In the Bible, Moses was given the task of leading the children of Israel out of generations of slavery into the Promised Land of milk and honey, or, in other words, into happiness and harmony. In order for them to move out of a slave mentality into freedom, they needed to be self-governed. Self-discipline required them to learn the value of the word “no” given in the Ten Commandments, seven of them starting with “Thou shalt not.” “No” is a beautiful word. How is a child ever going to tell himself “no” when he is older if he never hears it when he is younger? Individually and collectively learning to love the “no” of Principle brings us freedom and order, and keeps us safe.
But Christ Jesus elevated the Mosaic, Jewish laws of enforcing “no” by bringing an inspired, prayerful approach to punishment. When the adulterous woman was caught “in the very act” and the people were outraged and wanted to stone her to death, Jesus handled the situation in an incredibly strong, yet tender way. First, he saw her, as he saw everyone, as the innocent likeness of God. Secondly, he addressed the self-righteousness and hypocrisy of others who wanted to deeply punish her instead of addressing their own shortcomings. Third, he addressed her own guilt and enabled her to see herself as God saw her, completely pure, entirely separate from any sensuality, and uncondemned. He then instructed her to “sin no more” (see John 8:3-11).
It’s not the punishment or the threat of it that heals children from wrongdoing. It is our clear understanding of who they are as God’s spiritual, honest, noble idea and then teaching them this true spiritual identity that liberates their behavior for a lifetime. It brings clarity to their motives and desires. It protects their purity. It helps them resist unsafe and immoral activities.
To know your child as God knows him requires a constant mental watch and helps parents to refrain from anger, impatience, and emotional reactions. To pray together as a family and practice helping the child to know who he or she is as Mind’s own individual reflection is where loving constructive parental energies can be directed. Obedience to moral and spiritual law and true spiritual self-knowledge does not emasculate children. It gives them confidence to be true to themselves and inner security to make positive choices.

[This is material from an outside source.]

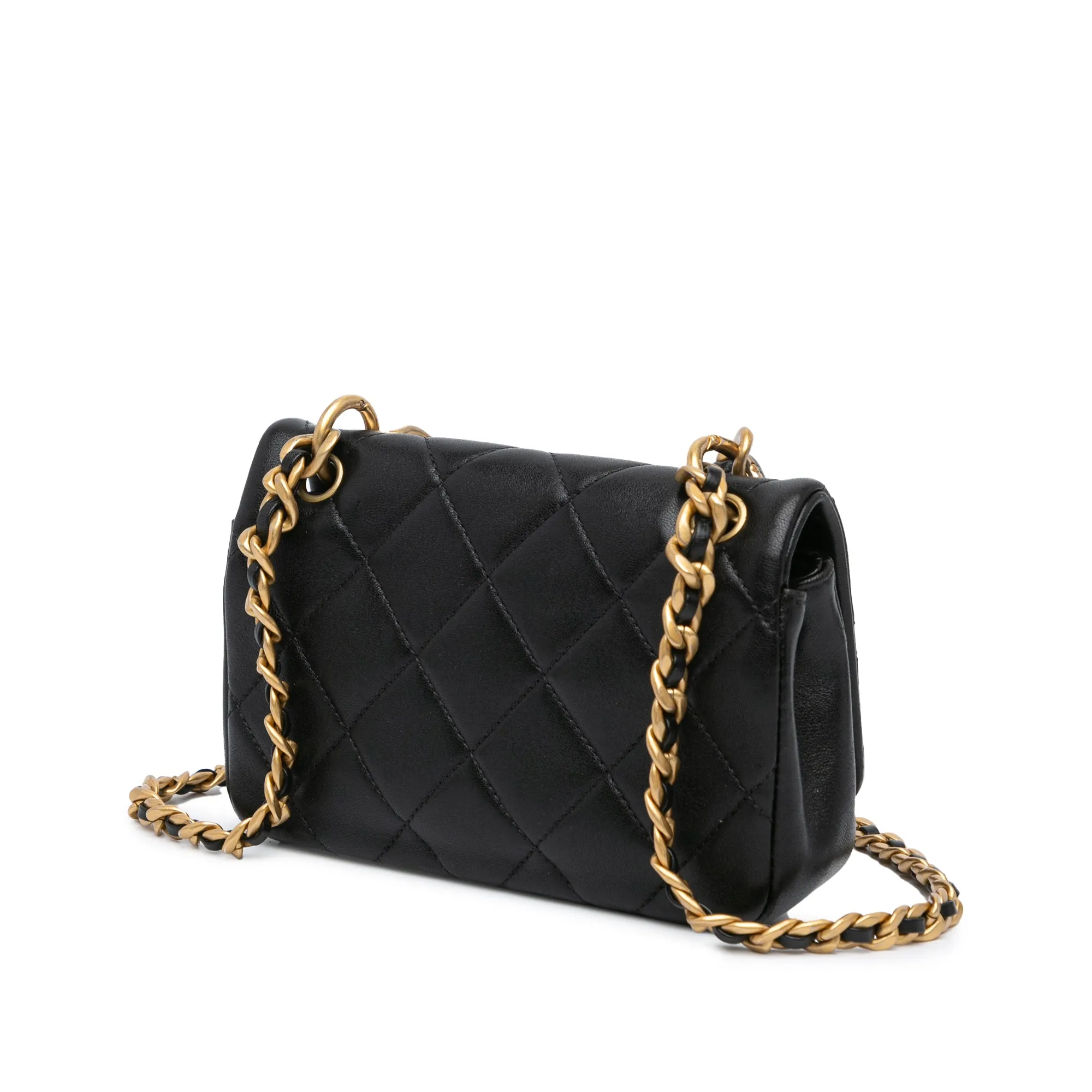 Black Chanel Small Quilted Lambskin Chain is More Flap Satchel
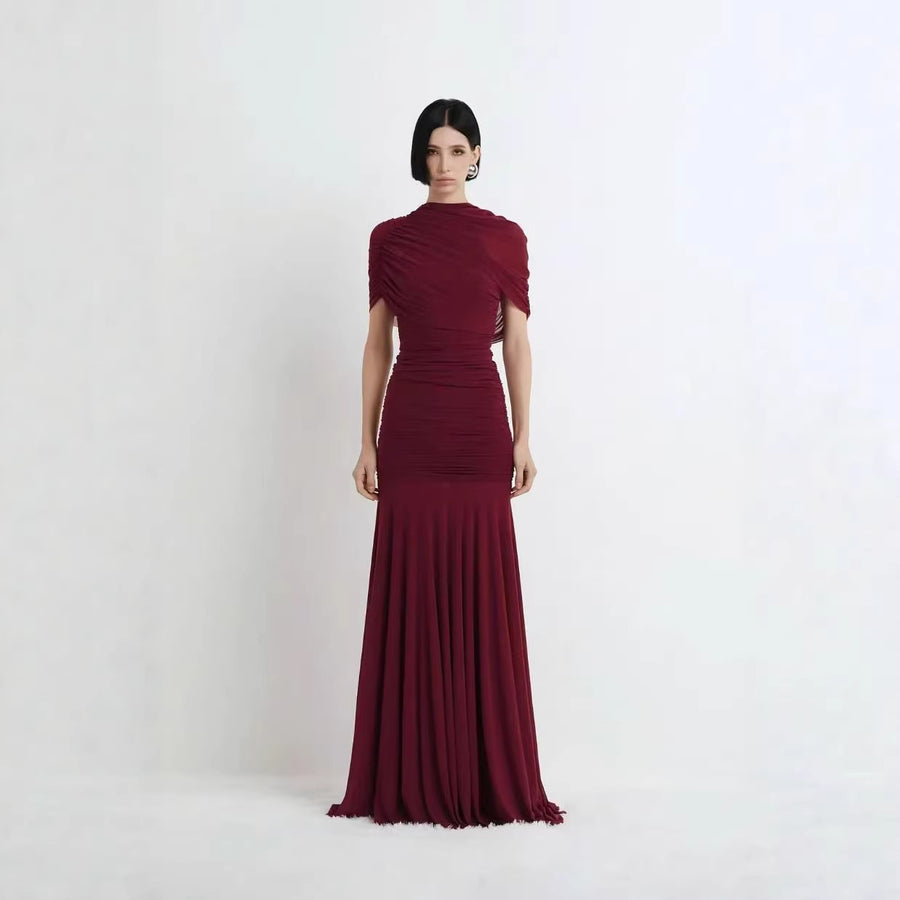High-Neck Ruched Evening Gown — Draped Shoulders with a Fluid Full-Length Skirt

In a series of questions and answers Mrs. Eddy once responded, “The use of the rod is virtually a declaration to the child’s mind that sensation belongs to matter. Motives govern acts, and Mind governs man. If you make clear to the child’s thought the right motives for action, and cause him to love them, they will lead him aright: if you educate him to love God, good, and obey the Golden Rule, he will love and obey you without your having to resort to corporeal punishment” (Miscellaneous Writings 1883-1896, p. 51).
So before our daughter was born, my husband and I decided that we would commit to this spiritual strategy for discipline. There were plenty of “timeouts,” but we never pulled out a belt or any object to hit her. What a relief! As a global family, we can stand on our parents’ shoulders and break out of culturally based, unenlightened, unnecessary behaviors. It’s empowering to outgrow old family thought patterns. We can feel our Mother Father God’s loving, correcting guidance for each of us. All children, young and old, and everywhere will be the better for it.